We take this property as established and use it to prove Wendel’s inequality. First, use the log-convexity property (3) with y = x+1 to obtain

    \[\Gamma(x+s) = \Gamma((1-s)x + s(x+1)) < \Gamma(x)^{1-s} \Gamma(x+1)^s.\]

Divide by \Gamma(x) and use the property that \Gamma(x+1)/\Gamma(x) = x to conclude

(4)   \[\frac{\Gamma(x+s)}{\Gamma(x)} < \left( \frac{\Gamma(x+1)}{\Gamma(x)} \right)^s = x^s. \]

This proves the upper bound in Wendel’s inequality (2). To prove the lower bound, invoke the upper bound (4) with x+s in place of x and 1-s in place of s to obtain

    \[\frac{\Gamma(x+1)}{\Gamma(x+s)} < (x+s)^{1-s}.\]

Multiplying by \Gamma(x+s), dividing by (x+s)^{1-s}\Gamma(x), and using \Gamma(x+1)/\Gamma(x) = x again yields

    \[\frac{\Gamma(x+s)}{\Gamma(x)} > \frac{\Gamma(x+1)}{\Gamma(x)} \cdot \frac{1}{(x+s)^{1-s}} = \frac{x}{(x+s)^{1-s}},\]

finishing the proof of Wendel’s inequality.

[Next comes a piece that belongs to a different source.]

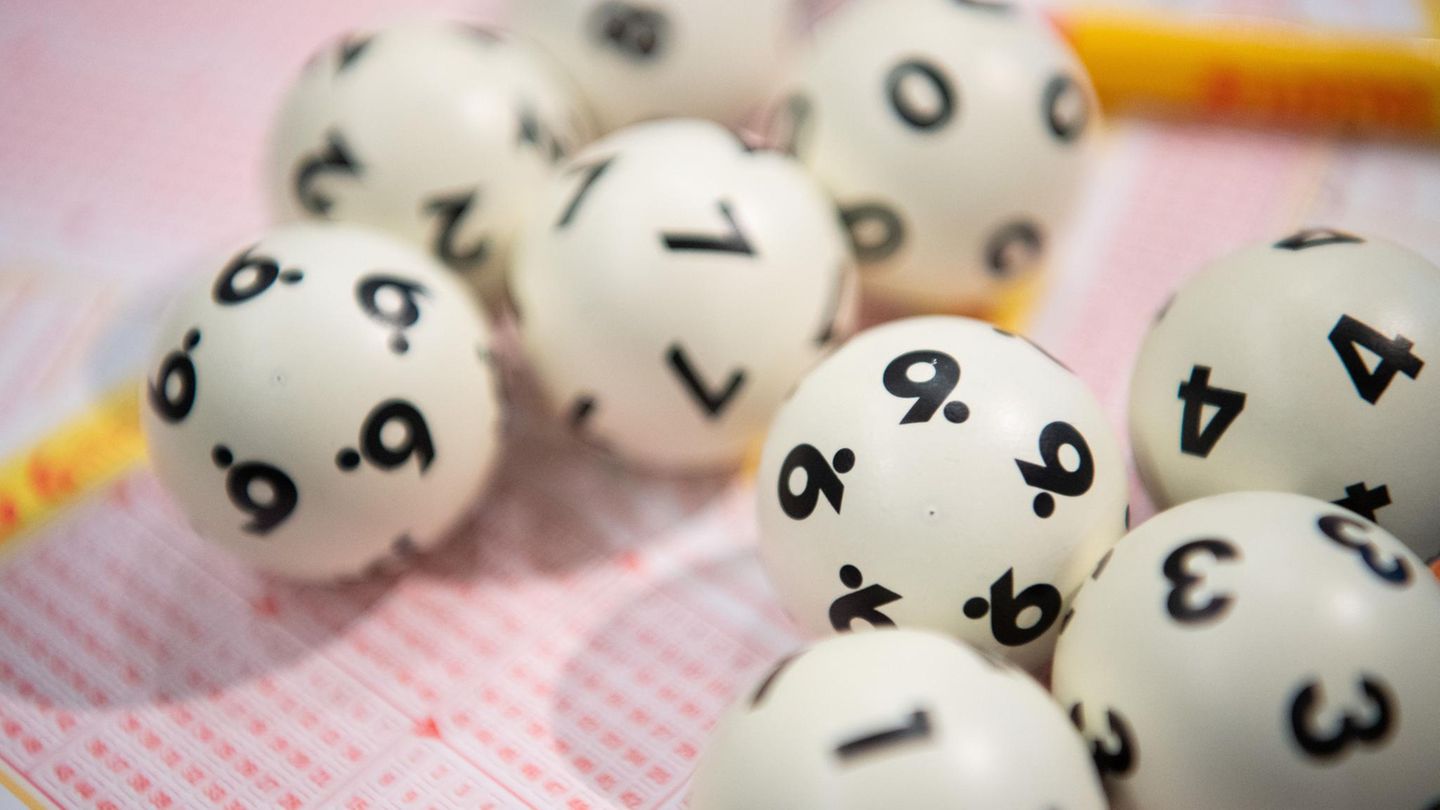 Lottoziehung: Lotto-Kugeln liegen auf einem Lottoschein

Notes. The upper bound in (1) can be proven directly by Lyapunov’s inequality: \mathbb{E} \|g\| \le (\mathbb{E} \|g\|^2)^{1/2} = n^{1/2}, where we use the fact that \|g\|^2 = g_1^2 + \cdots + g_n^2 is the sum of n random variables with mean one. The weaker lower bound \mathbb{E} \|g\| \ge \sqrt{n-1} follows from a weaker version of Wendel’s inequality, Gautschi’s inequality.

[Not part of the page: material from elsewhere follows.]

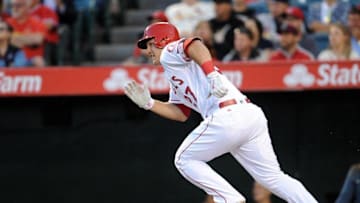 May 10, 2016; Anaheim, CA, USA; Los Angeles Angels center fielder Mike Trout (27) runs after hitting a single in the first inning against St. Louis Cardinals at Angel Stadium of Anaheim. Mandatory Credit: Gary A. Vasquez-USA TODAY Sports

After the initial publication of this post, Sam Buchanan mentioned another proof of the lower bound \mathbb{E} \|g\| \ge \sqrt{n-1} using the Gaussian Poincaré inequality. This inequality states that, for a function f : \real^n \to \real,

    \[\Var(f(g)) \le \mathbb{E} \| \nabla f(g)\|^2.\]

To prove the lower bound, set f(g) := \|g\| which has gradient \nabla f(g) = g/\|g\|. Thus,

    \[\mathbb{E} \| \nabla f(g)\|^2 = 1 \ge \Var(f(g)) = \mathbb{E} \|g\|^2 - (\mathbb{E} \|g\|)^2 = n -  (\mathbb{E} \|g\|)^2.\]

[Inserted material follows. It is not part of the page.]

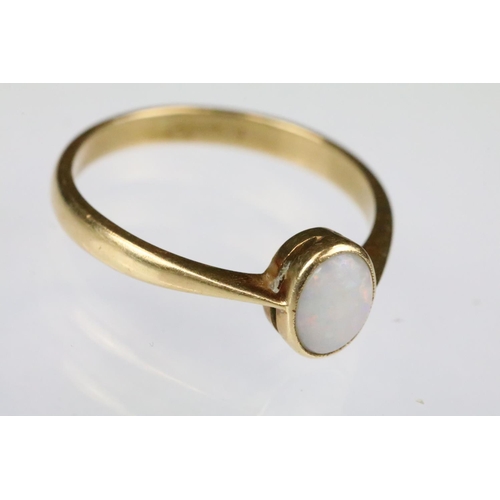 160 - Yellow gold and opal single stone ring bezel set with an oval opal cabochon to a plain band with pin...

Rearrange to obtain \mathbb{E} \|g\| \ge \sqrt{n-1}.

Note to Self: Hanson–Wright Inequality

This post is part of a new series for this blog, Note to Self, where I collect together some notes about an idea related to my research. This content may be much more technical than most of the content of this blog and of much less wide interest. My hope in sharing this is that someone will find this interesting and useful for their own work.

This post is about a fundamental tool of high-dimensional probability, the Hanson–Wright inequality. The Hanson–Wright inequality is a concentration inequality for quadratic forms of random vectors—that is, expressions of the form x^\top A x where x is a random vector. Many statements of this inequality in the literature have an unspecified constant c > 0; our goal in this post will be to derive a fairly general version of the inequality with only explicit constants.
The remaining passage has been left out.